A lightweight library for nearest neighbor search in Rust.

Project description

NilVec Logo

Overview

NilVec is a high-performance, memory-efficient vector search library designed to handle both embeddings and associated metadata without compromising query accuracy or speed. By decoupling metadata from the core embedding data during distance calculations, NilVec ensures that search accuracy remains high while keeping memory overhead minimal.

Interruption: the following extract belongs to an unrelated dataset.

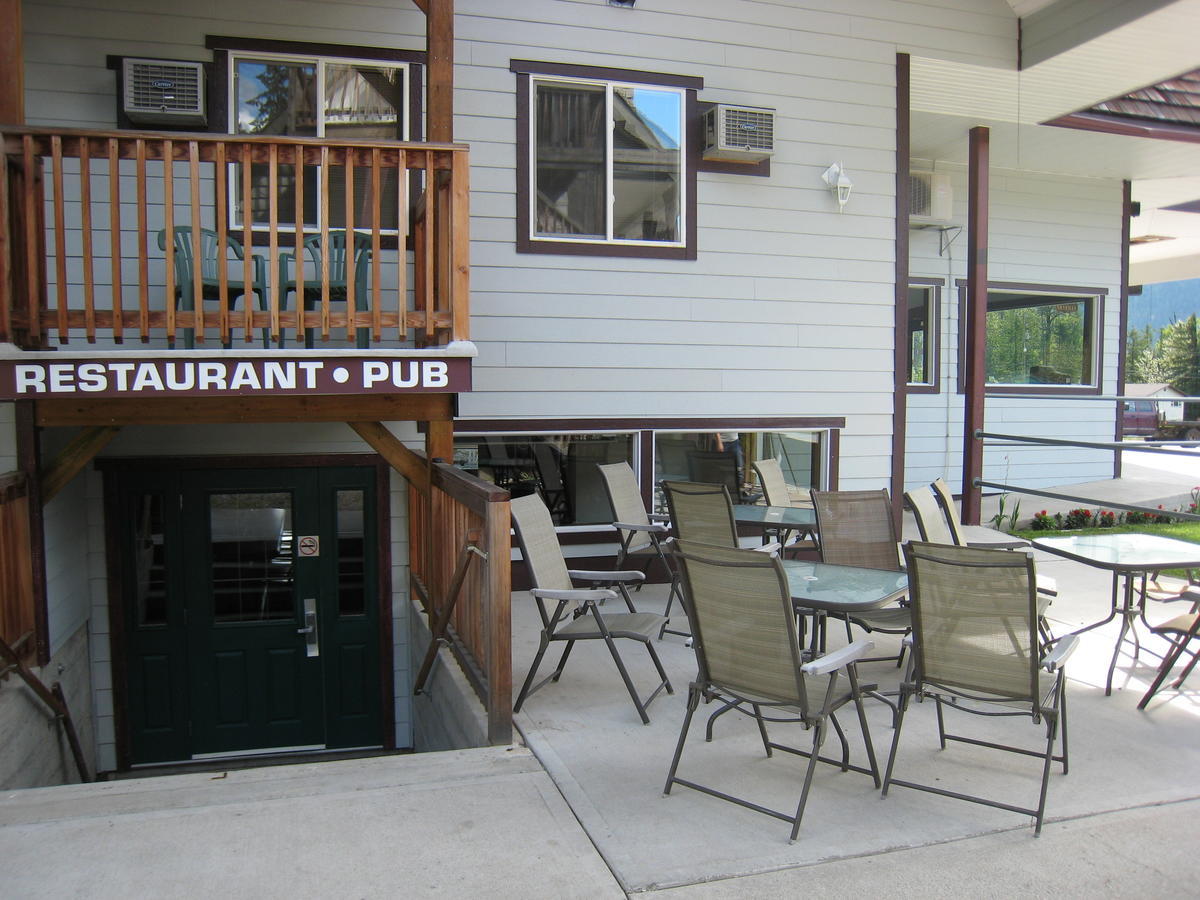 Peaks Lodge *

In our benchmarks, NilVec achieved a 95.5% improvement on query latency compared to leading solutions like Chroma, making it an excellent choice for real-time applications and large-scale search deployments.

Key Features

  • Memory Efficiency: NilVec stores vectors in a contiguous block of memory and tracks metadata separately, avoiding unnecessary duplication and overhead.

  • High Performance: Benchmarked to deliver a 95.5% improvement in query latency over comparable systems, ensuring rapid search responses.

  • Flexible and Ergonomic API: Built in Rust with a Python interface, NilVec supports simple operations for inserting vectors, searching, and bulk index creation—all while handling metadata seamlessly.

How It Works

NilVec separates the embedding components from metadata so that only the core vector elements contribute to distance calculations. Metadata is stored in parallel and associated via a schema that maps attribute names (as Strings) to their corresponding positions in the metadata array. This design guarantees that metadata does not interfere with the accuracy of nearest neighbor searches.

Benchmarks

Our benchmarks compare NilVec with Chroma using the following setup:

  • Configuration:
    • Dimension: 10
    • Number of insertions: 100 vectors
    • Number of queries: 10 queries with metadata filtering
  • Results:
    • NilVec demonstrated a 95.5% improvement on query latency compared to Chroma.
    • Insertion latency is also highly optimized, ensuring minimal overhead during data ingestion.

Below is an excerpt from our benchmark script:

import time
import random
import numpy as np
import nilvec
import chromadb

# Configuration
dim = 10
num_inserts = 100
num_queries = 10
categories = ["news", "blog", "report"]

# --- Chroma Benchmark ---
chroma_query_times = []
for i in range(num_queries):
    query = [random.random() for _ in range(dim)]
    filter_category = random.choice(categories)
    start_time = time.perf_counter()
    # Execute query on Chroma...
    elapsed = time.perf_counter() - start_time
    chroma_query_times.append(elapsed)

# --- NilVec Benchmark ---
nilvec_query_times = []
hnsw = nilvec.PyHNSW(dim, None, None, None, None, "inner_product", ["category"])
for i in range(num_queries):
    query = [random.random() for _ in range(dim)]
    filter_category = random.choice(categories)
    start_time = time.perf_counter()
    results = hnsw.search(query, 5, ("category", filter_category))
    elapsed = time.perf_counter() - start_time
    nilvec_query_times.append(elapsed)

Usage

Installation

NilVec is distributed as a Python package via its PyO3 bindings. You can install it using pip:

pip install nilvec

Examples

Below is a quick example of how to use NilVec in your Python project:

import nilvec

# Create an index with dimension 128 using inner product as the metric.
# Optionally, you can provide a schema for metadata.
index = nilvec.PyHNSW(128, None, None, None, None, "inner_product", ["color", "size"])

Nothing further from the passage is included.